Why people find ‘Dark Tourism’ attractive?

This has been present for some time now but the recent HBO miniseries ‘Chernobyl’ has once again arisen people’s interest towards such places. The vast history of the country is one of the many reasons that Indians are finding Dark Tourism attractive. While some undertake such visits due to their inclination towards history, others do it out of sheer curiosity. It helps people by giving tangibility to their imagination as they see they can see the havoc which happened long ago, right in front of their eyes. It makes them empathetic towards the dead much more than just reading about the destructive event.

Some Dark Tourism sites in India:

The rich and in many ways, dark history has resulted in multiple such places in the country which satisfy the curiosities of dark tourists.

  • Jallianwala Bagh, Amritsar

Jallianwala Bagh still holds the dark memories and bullet holes of the most unforgettable massacre which shook the nation in 1919. Thousands of innocent Indians were brutally killed in the hands of the British.

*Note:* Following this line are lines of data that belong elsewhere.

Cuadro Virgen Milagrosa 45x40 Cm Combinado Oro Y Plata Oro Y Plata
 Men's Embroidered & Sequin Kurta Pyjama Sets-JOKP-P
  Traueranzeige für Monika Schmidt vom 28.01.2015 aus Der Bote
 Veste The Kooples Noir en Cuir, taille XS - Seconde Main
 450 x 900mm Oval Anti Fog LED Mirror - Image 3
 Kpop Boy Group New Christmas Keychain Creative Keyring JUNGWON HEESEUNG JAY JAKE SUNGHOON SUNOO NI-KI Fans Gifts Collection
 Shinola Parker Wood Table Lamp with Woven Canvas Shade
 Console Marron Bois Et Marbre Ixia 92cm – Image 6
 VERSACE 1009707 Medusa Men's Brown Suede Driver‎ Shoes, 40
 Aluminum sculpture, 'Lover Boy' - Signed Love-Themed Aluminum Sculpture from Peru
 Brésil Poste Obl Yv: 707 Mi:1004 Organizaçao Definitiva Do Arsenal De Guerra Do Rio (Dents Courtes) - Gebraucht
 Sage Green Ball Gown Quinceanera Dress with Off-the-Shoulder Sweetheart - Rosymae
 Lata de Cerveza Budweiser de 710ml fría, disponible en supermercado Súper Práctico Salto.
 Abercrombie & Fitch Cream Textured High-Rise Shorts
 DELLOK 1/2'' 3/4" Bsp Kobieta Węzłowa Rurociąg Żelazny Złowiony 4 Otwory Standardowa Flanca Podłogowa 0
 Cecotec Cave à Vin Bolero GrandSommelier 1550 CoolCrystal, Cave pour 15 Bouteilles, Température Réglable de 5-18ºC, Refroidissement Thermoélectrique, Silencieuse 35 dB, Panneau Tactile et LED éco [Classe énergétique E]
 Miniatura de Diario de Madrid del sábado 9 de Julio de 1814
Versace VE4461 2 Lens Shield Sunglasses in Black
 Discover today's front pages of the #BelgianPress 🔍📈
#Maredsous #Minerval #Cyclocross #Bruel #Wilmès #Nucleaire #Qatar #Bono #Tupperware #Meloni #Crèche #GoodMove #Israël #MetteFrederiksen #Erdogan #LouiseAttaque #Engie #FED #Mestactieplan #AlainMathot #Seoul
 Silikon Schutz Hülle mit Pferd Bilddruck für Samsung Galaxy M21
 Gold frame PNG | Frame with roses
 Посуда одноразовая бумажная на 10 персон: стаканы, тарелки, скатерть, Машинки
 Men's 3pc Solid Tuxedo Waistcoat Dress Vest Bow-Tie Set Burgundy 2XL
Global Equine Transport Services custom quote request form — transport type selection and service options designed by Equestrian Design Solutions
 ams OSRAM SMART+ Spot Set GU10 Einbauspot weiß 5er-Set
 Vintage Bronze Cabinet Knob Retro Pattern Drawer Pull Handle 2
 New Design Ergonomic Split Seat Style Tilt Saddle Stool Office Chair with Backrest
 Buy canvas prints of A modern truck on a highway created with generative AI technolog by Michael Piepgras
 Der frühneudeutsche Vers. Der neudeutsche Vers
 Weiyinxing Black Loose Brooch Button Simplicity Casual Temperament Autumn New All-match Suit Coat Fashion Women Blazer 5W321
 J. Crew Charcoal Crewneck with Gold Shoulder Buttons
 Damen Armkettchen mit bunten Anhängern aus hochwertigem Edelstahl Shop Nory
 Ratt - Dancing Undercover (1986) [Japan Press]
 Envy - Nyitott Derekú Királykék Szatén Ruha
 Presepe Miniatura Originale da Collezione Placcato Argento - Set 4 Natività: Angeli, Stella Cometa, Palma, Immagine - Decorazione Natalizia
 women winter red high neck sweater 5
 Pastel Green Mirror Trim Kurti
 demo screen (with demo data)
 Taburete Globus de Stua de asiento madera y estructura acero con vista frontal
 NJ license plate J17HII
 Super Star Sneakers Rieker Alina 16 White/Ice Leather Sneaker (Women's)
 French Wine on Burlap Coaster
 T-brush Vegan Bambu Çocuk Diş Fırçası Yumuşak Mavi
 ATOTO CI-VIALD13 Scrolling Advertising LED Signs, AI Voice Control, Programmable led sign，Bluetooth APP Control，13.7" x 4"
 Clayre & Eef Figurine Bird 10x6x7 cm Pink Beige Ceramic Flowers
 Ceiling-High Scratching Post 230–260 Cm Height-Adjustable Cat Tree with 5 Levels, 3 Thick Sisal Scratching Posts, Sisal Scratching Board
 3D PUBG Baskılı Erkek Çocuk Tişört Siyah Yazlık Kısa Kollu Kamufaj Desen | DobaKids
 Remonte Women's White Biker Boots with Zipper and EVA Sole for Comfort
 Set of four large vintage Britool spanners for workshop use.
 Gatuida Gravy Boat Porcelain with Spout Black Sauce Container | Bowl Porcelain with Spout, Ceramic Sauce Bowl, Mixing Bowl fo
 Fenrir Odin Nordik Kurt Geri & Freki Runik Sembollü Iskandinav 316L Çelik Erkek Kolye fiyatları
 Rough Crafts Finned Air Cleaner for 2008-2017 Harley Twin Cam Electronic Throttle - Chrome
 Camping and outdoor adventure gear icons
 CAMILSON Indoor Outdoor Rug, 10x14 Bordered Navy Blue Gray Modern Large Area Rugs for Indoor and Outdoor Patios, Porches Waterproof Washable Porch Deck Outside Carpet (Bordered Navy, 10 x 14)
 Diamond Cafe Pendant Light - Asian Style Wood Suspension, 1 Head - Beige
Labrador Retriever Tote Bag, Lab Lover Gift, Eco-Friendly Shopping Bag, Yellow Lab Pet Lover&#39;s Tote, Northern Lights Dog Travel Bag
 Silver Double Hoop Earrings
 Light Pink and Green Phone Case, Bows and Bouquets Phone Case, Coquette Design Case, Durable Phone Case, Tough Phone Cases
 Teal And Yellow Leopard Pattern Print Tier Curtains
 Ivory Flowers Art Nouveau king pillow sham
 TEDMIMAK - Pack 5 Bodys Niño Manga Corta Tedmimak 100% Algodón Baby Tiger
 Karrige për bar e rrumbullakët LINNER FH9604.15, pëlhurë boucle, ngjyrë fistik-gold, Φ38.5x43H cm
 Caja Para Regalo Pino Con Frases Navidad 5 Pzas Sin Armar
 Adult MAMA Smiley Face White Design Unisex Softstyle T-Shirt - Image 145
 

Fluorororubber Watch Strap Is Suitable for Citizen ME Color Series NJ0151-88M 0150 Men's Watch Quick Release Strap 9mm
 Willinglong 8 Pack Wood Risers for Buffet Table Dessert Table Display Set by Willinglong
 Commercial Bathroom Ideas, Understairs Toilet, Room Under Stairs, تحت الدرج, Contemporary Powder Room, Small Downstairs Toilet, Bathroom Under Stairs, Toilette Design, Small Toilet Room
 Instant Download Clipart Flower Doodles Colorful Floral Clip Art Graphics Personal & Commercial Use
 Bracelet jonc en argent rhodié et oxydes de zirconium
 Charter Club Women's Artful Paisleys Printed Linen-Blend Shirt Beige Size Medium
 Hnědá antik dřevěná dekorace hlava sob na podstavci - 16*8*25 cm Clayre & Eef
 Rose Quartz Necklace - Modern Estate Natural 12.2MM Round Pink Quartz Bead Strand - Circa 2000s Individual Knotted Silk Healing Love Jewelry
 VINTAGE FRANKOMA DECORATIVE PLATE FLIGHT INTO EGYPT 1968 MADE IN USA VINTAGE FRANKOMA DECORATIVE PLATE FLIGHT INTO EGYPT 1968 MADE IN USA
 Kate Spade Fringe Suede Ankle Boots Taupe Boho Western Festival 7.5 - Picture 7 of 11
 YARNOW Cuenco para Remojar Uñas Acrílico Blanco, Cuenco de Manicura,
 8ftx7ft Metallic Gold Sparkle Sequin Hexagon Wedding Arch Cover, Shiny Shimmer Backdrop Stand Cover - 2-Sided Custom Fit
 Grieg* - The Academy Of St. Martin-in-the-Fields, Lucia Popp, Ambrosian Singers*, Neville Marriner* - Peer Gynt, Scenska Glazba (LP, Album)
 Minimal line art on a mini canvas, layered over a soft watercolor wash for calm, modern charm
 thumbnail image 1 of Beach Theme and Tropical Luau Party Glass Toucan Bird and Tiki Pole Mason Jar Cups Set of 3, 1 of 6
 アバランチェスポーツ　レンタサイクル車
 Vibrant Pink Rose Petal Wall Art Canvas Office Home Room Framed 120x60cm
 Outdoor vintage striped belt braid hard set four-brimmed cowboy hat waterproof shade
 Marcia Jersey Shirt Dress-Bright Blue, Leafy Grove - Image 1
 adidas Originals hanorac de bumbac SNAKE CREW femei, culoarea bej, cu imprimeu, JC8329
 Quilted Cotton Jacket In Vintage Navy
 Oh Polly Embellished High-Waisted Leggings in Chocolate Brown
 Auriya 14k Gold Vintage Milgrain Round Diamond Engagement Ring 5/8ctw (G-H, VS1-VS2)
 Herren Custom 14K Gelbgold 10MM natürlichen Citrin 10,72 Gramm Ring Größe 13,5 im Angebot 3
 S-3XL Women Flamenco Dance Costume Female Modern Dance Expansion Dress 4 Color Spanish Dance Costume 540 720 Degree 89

Visitors visit this place in large numbers to witness the signs of the gruesome event of the past.

Dark tourism

Credits- Holidify

  • Dumas Beach, Gujarat

Settled along the Arabian Sea, Dumas Beach is also known as ‘Devil’s Paradise’. It is one of the most haunted places in the country. Locals residing nearby complain of hearing eerie voices and paranormal presence. Many believe that it was once a cremation ground and the black sand is the leftover ashes.

Dark tourism

Credits- Samachar Live

  •  Kuladhara Village, Jaiselmer

The ruins in this village were actually 83 villages in the 19th century. The site holds the ruins of these abandoned villages, the residents of which abandoned it overnight without any obvious reason. Many claims that the spirits of those villagers still visit their abandoned homes.

Dark tourism

Credits- All That’s Interesting

  • Taj Palace Hotel, Mumbai

The bombings at Taj Hotel in 2008 shook the nation as the nation witnessed one of the deadliest terror attacks. Since the horrifying incident, this hotel has become a tourist hub for people who wish to give tangibility to that unfortunate incident.

tourism

Credits- NPR

However uncanny ‘Dark Tourism’ may sound, it is a great way to learn the history and do unconventional travelling. So, which site are you visiting next?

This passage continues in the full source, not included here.